** DATA SECTION follows **

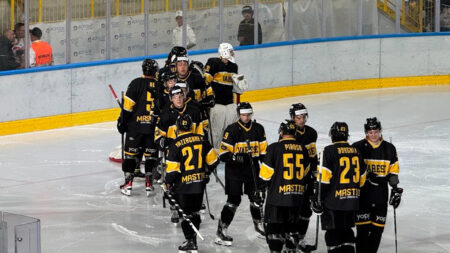 Hockey: I Mastini ritrovano i risultati e il palaghiaccio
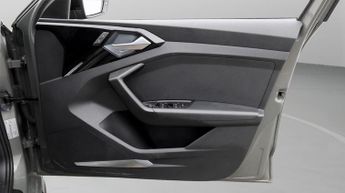 Audi A1 SPORTBACK TFSI S LINE BLACK EDITION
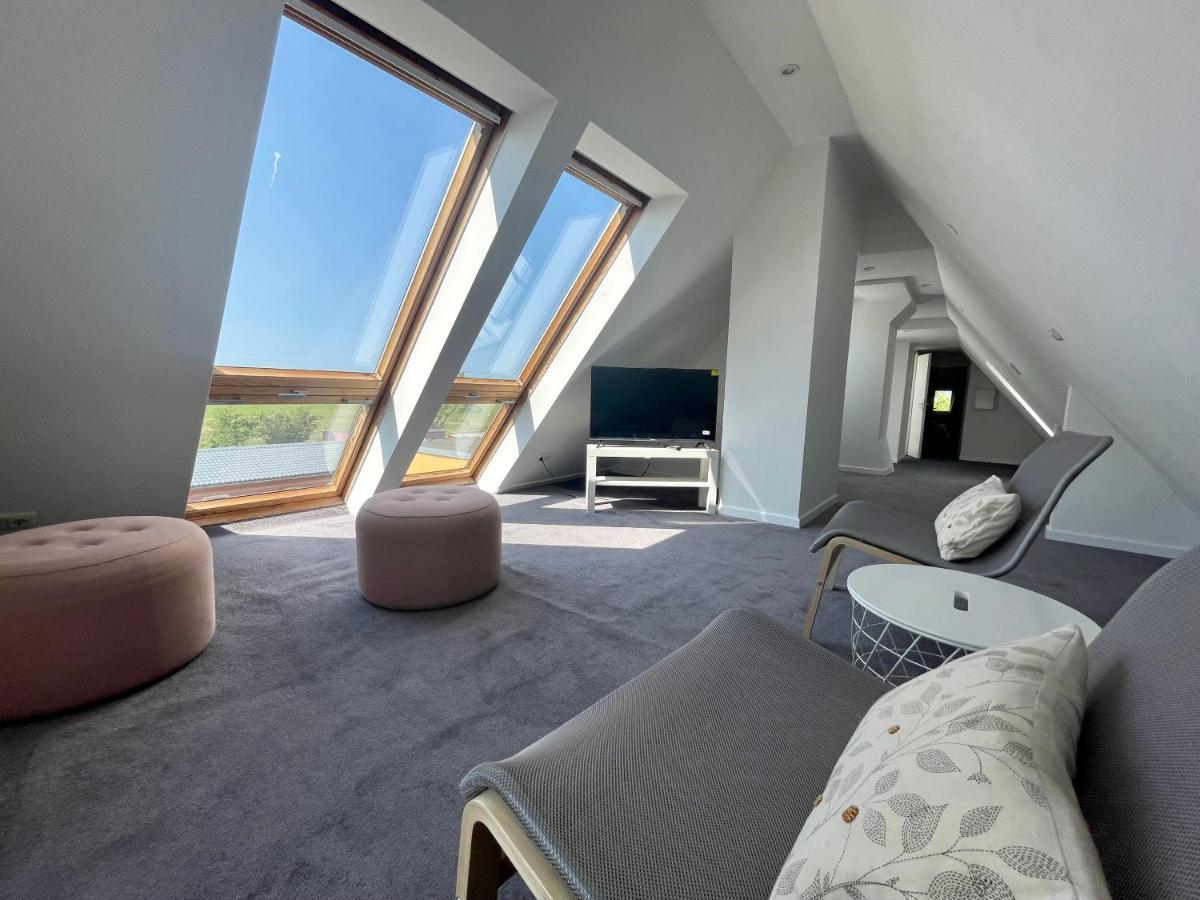 Ostseebad Kühlungsborn Hostel Duenenmeer מראה חיצוני תמונה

** End of DATA SECTION **

> [AIM OF THE EXERCISE]
Leaving the pictures aside, repeat the data above exactly.

> [WRITTEN ANSWER]
 Hockey: I Mastini ritrovano i risultati e il palaghiaccio
 Audi A1 SPORTBACK TFSI S LINE BLACK EDITION
 Ostseebad Kühlungsborn Hostel Duenenmeer מראה חיצוני תמונה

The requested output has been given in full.